Meanwhile, a cabal of evil white men on a far-off island are plotting to make the world's population want to be fat.  They sabotage the reality show, throwing its contestant into a coma.  Misha runs away to the countryside, where he spends years herding cattle.  Andy comes for him eventually, but he stays with the cattle.  One night, he has a vision that one of the cows has turned red, so he builds a special wooden hut/altar, slaughters the cow, burns cow and altar, and pours the resulting ashes all over his naked body. 

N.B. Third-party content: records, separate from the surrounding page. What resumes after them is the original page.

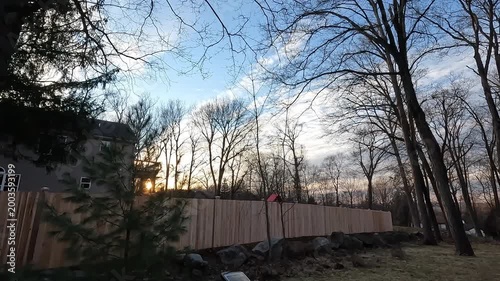 sunset in the backyard the day before the snow storm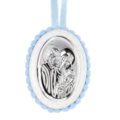 Cradle medallion holy family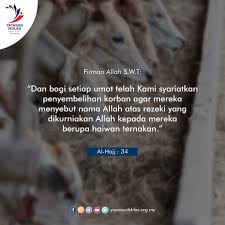 Firman allah tentang rezeki : Yayasan Ikhlas Ikongsi Syariat Sembelihan Setiap Kali Penyembelihan Korban Telah Disyariatkan Untuk Menyebut Nama Allah Dan Tujuan Ibadah Korban Itu Adalah Supaya Manusia Bersyukur Dengan Segala Nikmat Dan Rezeki Yang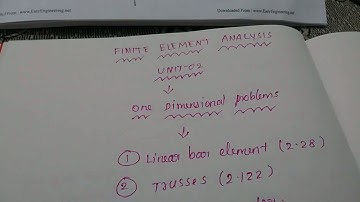 ANNA UNIVERSITY- UNIT 2 – (FEA) FINITE ELEMENT ANALYSIS IMPORTANT QUESTION DETAILED EXPLANATION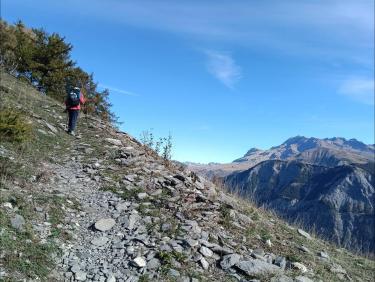Sur le sentier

When Andy brings him back to Moscow, Misha discovers they have a fat, spoiled son, and that Misha now sees the CGI-generated brand creatures that attach themselves to people, growing fatter as their hosts fatten themselves.  Strangely, no one believes Misha when he says he sees these things, and Andy and son leave him.  Misha throws himself into his new work: conning a Chinese company that wants to bring a chain of vegetarian fast-food outlets to Russia (easily the most improbable part of this whole story).  He uses them to finance a media campaign about the dangers of beef, all of which allows the giant CGI monster egg on top of the Chinese company's building to grow and grow, until out hatches…a carnivorous, brand-eating dragon that starts eating the other brand creatures. Misha's efforts lead to a global ban on advertising, and to the return of his estranged wife and son.  Even reality show coma girl wakes up, thin and wobbly, but with great hair.  In the end, the cow-head constellation looks down from on high, and sees that it is good. 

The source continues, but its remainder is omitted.